Exercise inputs section start

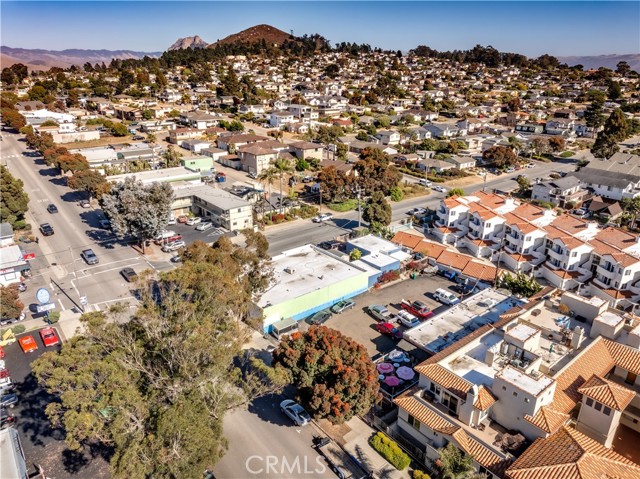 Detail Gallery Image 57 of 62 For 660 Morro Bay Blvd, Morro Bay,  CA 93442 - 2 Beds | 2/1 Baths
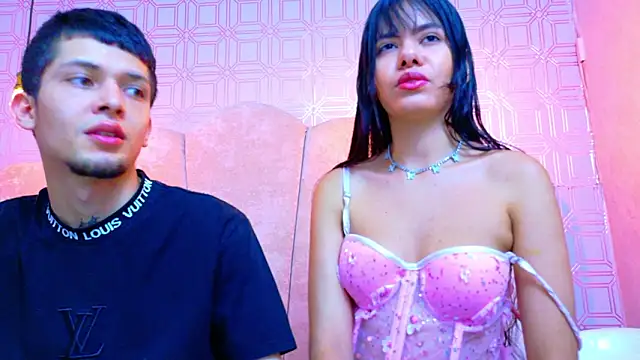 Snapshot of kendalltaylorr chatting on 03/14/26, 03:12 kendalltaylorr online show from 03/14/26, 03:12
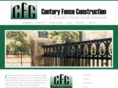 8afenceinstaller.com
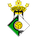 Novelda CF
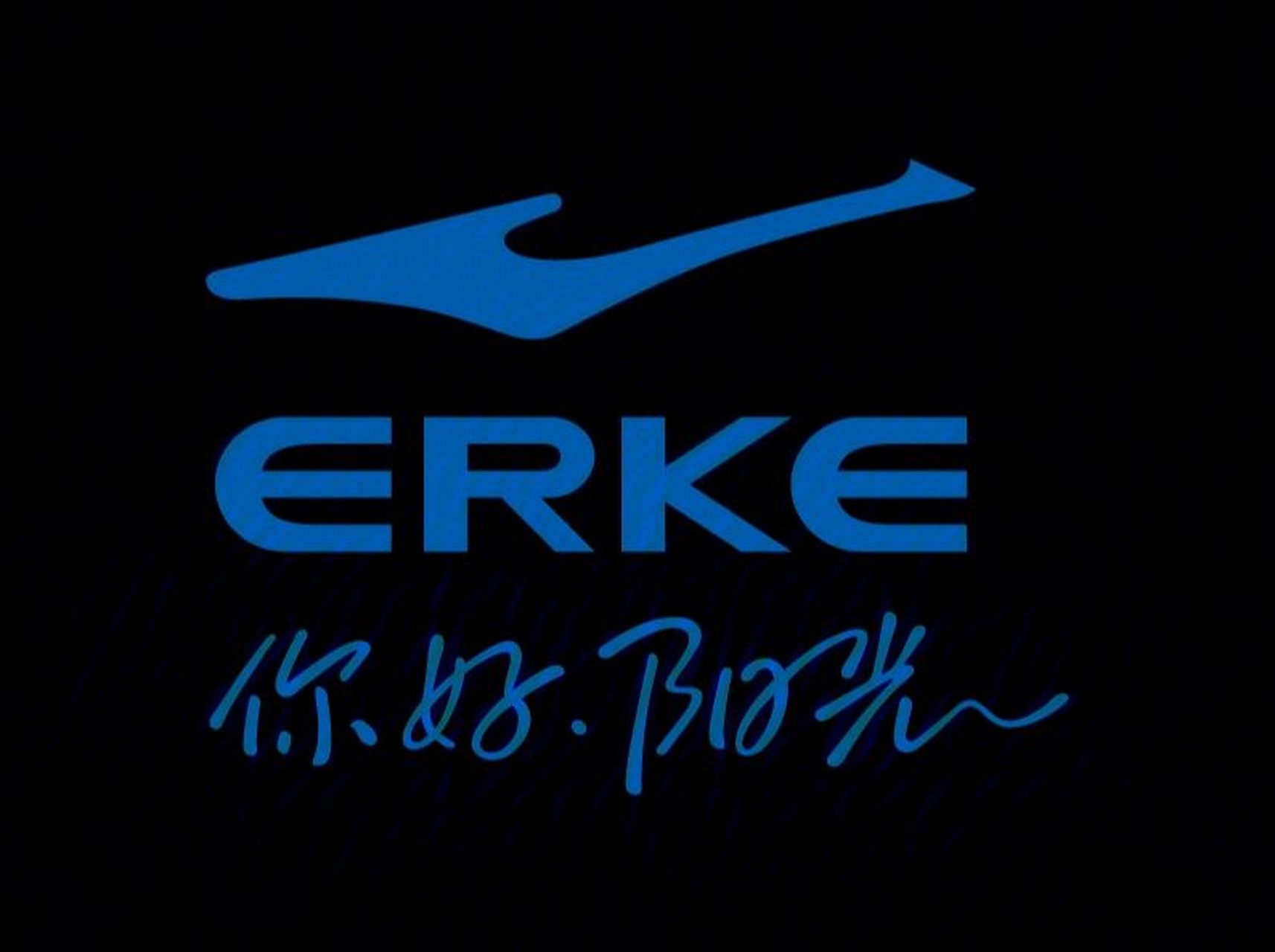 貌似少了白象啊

Exercise inputs section end

• _Exercise aim_:
Your job is to repeat the data exactly, leaving each picture out.

• _Your response_:
 Detail Gallery Image 57 of 62 For 660 Morro Bay Blvd, Morro Bay,  CA 93442 - 2 Beds | 2/1 Baths
 Snapshot of kendalltaylorr chatting on 03/14/26, 03:12 kendalltaylorr online show from 03/14/26, 03:12
 8afenceinstaller.com
 Novelda CF
 貌似少了白象啊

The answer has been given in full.